日本のアニメ・マンガ支えるペンタブトップメーカー、ワコムに突きつけられた株主提案。業績悪化の根本原因は経営判断ミスなのか

東映アニメーション、MAPPA、CloverWorks、ufotable――。今をときめく有力アニメーション制作スタジオの現場を技術で支える日本のメーカーがある。埼玉県加須市に本社を置く東証プライム上場企業、ワコムだ。
ワコムが手がけるのはペンタブレットと呼ばれる製品だ。その名のとおり電子ペンとタブレット端末の組み合わせで、タブレット上に描いた絵をコンピューターに出力できる。中でもタブレットに画像を表示して直接書き込むことができる液晶タブレット(液タブ)が主力だ。
ワコムはスタジオジブリやディズニー向けにもペンタブレットを供給した実績を持つ。日本のみならず、世界のアニメやゲーム、マンガの制作現場でプロフェッショナルから根強い支持を得てきた。自動車など工業デザインの世界でもシェアが高い。
そんなワコムに株主提案が突きつけられている。
イギリスの物言う株主が6つの提案
提案したのは物言う株主(アクティビスト)として知られるイギリスのファンド、アセット・バリュー・インベスターズ(AVI)だ。過去にTBSホールディングスや帝国繊維へ株主提案を行っており、現在もエスケー化研やロート製薬など複数の上場企業に対して経営改善を求めている。

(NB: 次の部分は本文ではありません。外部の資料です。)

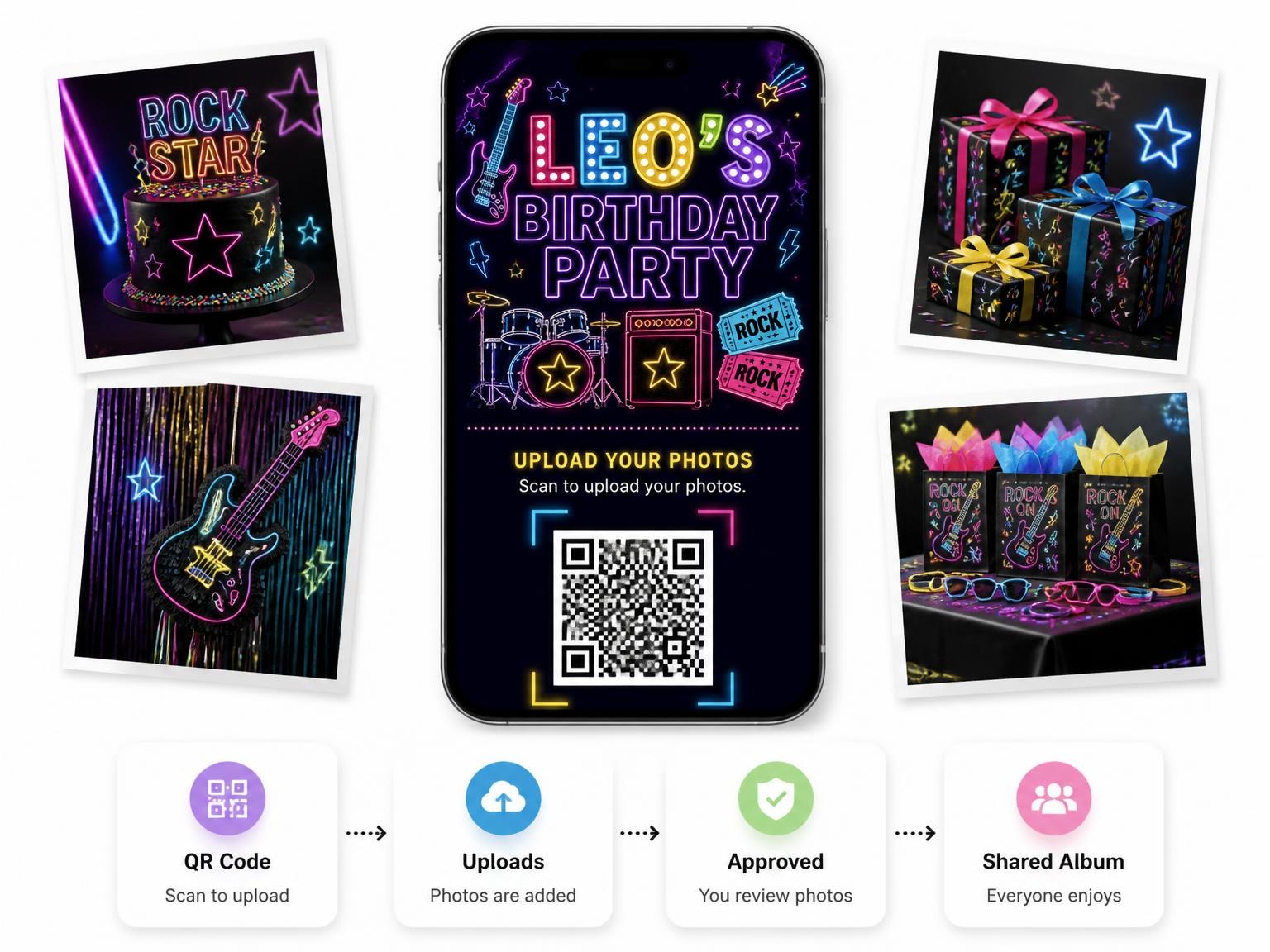 The shared photo gallery that comes with the Neon Rock Star 22nd Birthday Invitation invitation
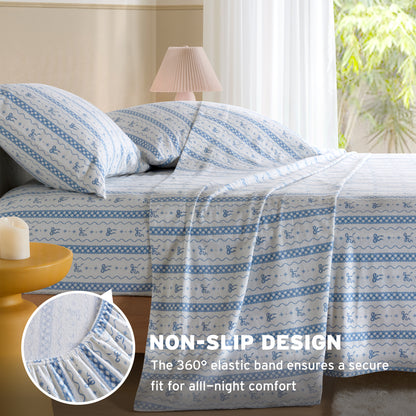 Cozy Soft Cotton Flannel Printed Sheet Set - Blue Bow Scallop Stripe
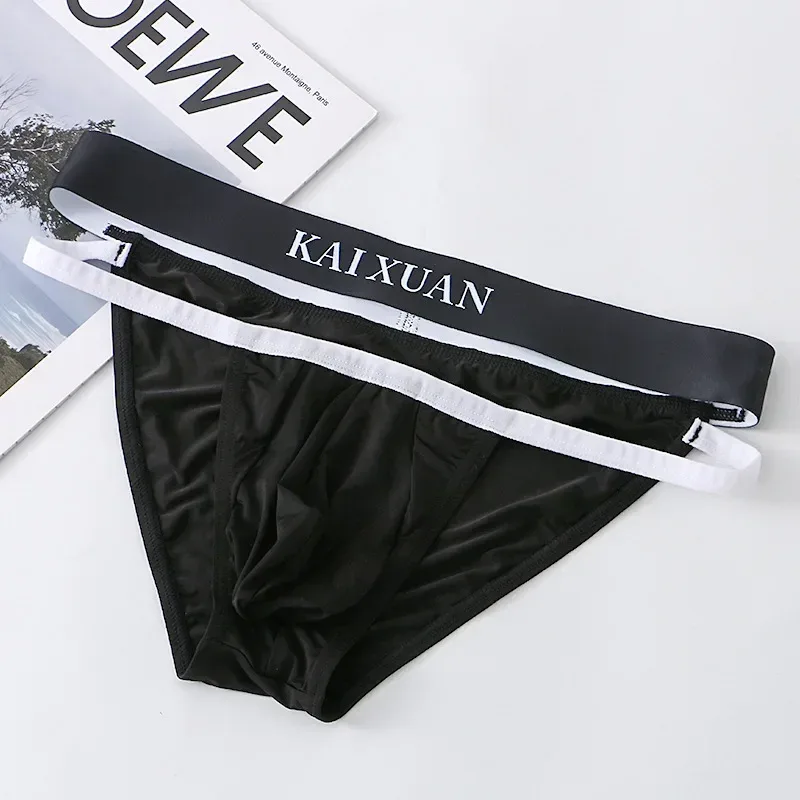 Fashion Men's Underwear Breathable Ice Silk Underpants Soft and Comfortable Briefs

AVIはワコムに対して社外取締役1人の選任や事業構造変革監督委員会の設置など、6つの要求をたたきつけた。後述するとおり提案のうち1つについては後に会社からの議案に組み込まれたことで、5月21日に取り下げられた。
残る5つについては6月26日に開かれる株主総会の議案として諮られる。ワコムの取締役会は株主に「反対」するよう推奨している。